Według informacji podawanych przez ratusz Grzymowicz liczy na sfinansowanie różnicy w wydatkach z dotacji unijnych. Przedstawiciele ratusza głucho jednak milczą o zupełnie innych kłopotach z tramwajową ideą fix Grzymowicza.
Mijają kolejne miesiące i coraz częściej słychać o kolejnych utrudnieniach w realizacji inwestycji. Newralgiczny jest tu teren w pobliżu Wysokiej Bramy. Niektórzy już przewidują przekroczenie terminu realizacji inwestycji, który zakłada koniec prac na październik 2023 roku. Jeśli opóźnienia przesuną zakończenie prac poza granice 2023 roku Olsztyn stanie przed widmem bankructwa, bo miasto będzie musiało oddać kilkaset milionów unijnych dotacji.
Nowa cena drugiej linii tramwajowej została wynegocjowana w Sądzie Polubownym przy Prokuratorii Generalnej RP. Blisko 580 mln złotych to koszt sześciu kilometrów torowiska z jego infrastrukturą na ulicach: Wilczyńskiego, Krasickiego, Synów Pułku, Wyszyńskiego i al. Piłsudskiego oraz węzeł przesiadkowy przy Wysokiej Bramie.
I jakby tego było mało w olsztyńskim ratuszu coraz głośniej o pomyśle budowy kolejnej linii tramwajowej. Tym razem z Jarot ulicą Wilczyńskiego. A to wszystko w sytuacji, kiedy nie działa linia, która miała dowodzić studentów z okolic Galerii Warmińskiej do Kortowa.

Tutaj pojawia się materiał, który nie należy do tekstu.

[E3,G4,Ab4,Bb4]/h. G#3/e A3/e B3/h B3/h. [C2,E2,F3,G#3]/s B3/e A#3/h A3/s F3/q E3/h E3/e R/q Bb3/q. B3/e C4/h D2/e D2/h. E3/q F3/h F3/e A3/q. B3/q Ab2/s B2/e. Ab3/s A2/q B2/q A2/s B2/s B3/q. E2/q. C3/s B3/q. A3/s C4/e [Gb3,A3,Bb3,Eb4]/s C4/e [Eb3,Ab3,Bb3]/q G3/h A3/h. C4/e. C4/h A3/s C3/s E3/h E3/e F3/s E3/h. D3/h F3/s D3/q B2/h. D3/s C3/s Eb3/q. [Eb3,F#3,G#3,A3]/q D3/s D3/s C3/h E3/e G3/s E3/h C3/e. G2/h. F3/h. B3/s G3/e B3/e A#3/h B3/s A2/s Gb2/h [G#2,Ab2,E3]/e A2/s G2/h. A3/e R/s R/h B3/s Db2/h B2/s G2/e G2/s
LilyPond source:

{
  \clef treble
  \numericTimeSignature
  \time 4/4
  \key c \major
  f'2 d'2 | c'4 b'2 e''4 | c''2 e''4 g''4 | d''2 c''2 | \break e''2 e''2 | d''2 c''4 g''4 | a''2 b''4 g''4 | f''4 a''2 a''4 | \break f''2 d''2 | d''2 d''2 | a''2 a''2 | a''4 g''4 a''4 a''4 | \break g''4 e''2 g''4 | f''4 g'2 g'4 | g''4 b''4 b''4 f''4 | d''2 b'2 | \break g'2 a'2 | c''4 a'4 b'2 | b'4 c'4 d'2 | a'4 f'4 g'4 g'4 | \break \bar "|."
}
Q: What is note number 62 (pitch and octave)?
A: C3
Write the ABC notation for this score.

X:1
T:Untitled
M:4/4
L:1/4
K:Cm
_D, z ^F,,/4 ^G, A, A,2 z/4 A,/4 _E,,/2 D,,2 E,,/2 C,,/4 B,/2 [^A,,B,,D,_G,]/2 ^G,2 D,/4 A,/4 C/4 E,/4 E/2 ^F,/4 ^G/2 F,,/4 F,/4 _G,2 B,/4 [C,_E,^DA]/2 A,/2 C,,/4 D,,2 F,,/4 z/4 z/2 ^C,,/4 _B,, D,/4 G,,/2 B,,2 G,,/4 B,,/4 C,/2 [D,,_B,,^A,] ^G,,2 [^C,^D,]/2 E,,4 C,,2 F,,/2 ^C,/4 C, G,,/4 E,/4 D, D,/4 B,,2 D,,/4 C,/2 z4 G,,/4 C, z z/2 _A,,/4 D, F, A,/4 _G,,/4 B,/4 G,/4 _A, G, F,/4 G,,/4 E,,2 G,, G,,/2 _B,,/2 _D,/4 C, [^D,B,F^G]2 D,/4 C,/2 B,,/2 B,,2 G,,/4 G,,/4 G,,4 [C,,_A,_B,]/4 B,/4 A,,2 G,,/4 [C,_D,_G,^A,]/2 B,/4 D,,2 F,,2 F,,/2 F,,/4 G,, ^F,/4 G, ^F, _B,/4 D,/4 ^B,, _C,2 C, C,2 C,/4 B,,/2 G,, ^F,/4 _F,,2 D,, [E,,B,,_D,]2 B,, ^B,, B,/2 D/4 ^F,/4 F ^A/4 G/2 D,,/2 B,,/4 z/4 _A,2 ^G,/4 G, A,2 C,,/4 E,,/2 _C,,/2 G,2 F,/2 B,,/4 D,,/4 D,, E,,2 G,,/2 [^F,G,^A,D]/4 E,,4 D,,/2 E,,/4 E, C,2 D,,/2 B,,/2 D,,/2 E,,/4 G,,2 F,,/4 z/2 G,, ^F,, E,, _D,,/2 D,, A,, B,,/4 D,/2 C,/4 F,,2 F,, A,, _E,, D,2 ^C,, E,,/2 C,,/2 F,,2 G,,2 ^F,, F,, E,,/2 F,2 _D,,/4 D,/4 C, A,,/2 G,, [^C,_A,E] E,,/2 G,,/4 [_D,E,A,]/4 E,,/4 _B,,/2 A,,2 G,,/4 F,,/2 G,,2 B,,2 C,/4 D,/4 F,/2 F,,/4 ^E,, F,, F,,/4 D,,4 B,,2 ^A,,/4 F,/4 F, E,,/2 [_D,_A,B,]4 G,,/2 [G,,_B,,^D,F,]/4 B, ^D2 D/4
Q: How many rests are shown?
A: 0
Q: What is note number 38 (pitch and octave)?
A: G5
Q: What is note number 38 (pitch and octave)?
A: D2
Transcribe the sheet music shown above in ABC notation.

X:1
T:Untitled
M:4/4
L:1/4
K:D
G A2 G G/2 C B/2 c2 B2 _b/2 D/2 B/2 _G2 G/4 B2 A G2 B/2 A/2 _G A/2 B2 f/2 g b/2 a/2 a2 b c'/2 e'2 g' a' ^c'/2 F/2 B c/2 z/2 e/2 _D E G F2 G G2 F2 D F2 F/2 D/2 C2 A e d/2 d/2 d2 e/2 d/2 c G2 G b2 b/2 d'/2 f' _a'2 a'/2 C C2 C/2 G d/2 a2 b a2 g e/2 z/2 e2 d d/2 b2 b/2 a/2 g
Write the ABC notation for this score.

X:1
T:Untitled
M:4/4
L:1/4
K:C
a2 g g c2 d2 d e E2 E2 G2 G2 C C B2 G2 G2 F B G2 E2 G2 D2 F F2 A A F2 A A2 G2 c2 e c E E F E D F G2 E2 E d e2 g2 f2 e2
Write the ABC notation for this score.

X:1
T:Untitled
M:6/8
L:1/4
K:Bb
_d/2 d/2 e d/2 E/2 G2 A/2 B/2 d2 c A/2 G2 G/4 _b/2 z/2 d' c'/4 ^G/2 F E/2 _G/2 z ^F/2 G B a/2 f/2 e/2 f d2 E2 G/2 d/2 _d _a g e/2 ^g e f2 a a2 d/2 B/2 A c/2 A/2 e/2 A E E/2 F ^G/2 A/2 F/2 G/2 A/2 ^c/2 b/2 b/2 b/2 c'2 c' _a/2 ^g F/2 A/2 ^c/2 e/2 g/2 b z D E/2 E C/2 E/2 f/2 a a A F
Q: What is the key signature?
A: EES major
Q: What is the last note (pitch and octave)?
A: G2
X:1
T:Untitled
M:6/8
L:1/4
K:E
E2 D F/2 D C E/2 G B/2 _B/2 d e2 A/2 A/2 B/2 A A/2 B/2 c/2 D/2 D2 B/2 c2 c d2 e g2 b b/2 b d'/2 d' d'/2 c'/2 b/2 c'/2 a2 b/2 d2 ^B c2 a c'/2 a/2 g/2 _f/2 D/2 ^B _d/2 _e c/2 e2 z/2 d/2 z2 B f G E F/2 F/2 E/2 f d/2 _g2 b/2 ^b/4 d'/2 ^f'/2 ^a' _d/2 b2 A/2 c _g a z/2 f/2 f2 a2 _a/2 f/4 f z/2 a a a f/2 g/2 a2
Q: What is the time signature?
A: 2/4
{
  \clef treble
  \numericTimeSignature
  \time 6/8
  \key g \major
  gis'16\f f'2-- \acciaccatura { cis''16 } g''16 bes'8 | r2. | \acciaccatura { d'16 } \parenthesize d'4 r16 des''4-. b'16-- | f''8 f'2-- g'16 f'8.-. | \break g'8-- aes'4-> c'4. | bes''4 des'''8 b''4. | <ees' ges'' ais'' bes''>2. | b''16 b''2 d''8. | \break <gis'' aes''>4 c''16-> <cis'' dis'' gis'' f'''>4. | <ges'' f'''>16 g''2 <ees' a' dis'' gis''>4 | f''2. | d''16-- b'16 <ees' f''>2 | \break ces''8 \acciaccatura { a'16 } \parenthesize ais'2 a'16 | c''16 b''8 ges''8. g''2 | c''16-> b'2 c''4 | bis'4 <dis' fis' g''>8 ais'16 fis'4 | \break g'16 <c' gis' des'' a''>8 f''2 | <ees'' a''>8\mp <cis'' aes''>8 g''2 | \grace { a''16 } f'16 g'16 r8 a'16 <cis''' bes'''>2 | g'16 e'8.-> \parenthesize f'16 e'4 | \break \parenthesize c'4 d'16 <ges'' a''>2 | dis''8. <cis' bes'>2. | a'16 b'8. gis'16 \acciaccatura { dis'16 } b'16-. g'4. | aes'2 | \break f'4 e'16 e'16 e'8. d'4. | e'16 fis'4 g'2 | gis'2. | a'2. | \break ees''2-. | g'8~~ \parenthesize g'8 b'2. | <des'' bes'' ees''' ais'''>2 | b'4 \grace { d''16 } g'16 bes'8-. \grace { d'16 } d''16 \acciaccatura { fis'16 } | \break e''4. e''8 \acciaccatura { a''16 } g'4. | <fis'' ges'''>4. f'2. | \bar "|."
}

Topienie pieniędzy w liniach tramwajowych jest okazją do przypomnienia, jaką politykę komunikacyjną prowadzi miasto pod rządami Grzymowicza. Olsztyn stał się symbolem utraty szans zarówno na tworzenie przestrzeni metropolitalnej, jak i związanej z nią kolei aglomeracyjnej.
O szansie na stworzenie takiej komunikacji jest przekonany m.in. prezes Spółki PKP Polskie Linie Kolejowe Ireneusz Merchel. Dwa miesiące temu, na spotkaniu zorganizowanym przez Fundację im. Piotra Poleskiego i Akademickiego Klubu Obywatelskiego im. Lecha Kaczyńskiego prezes PLK przypomniał działania sprzed kilku lat.
— Proponowaliśmy uruchomienie kolei aglomeracyjnej, która zapewni sprawny transport z miejscowości w promieniu 30-50 kilometrów od Olsztyna. Miasto musiało wyłożyć jedynie kilkaset tysięcy złotych własnego wkładu. Usłyszeliśmy, że Olsztyn nie ma pieniędzy na ten cel — przypomniał Ireneusz Merchel.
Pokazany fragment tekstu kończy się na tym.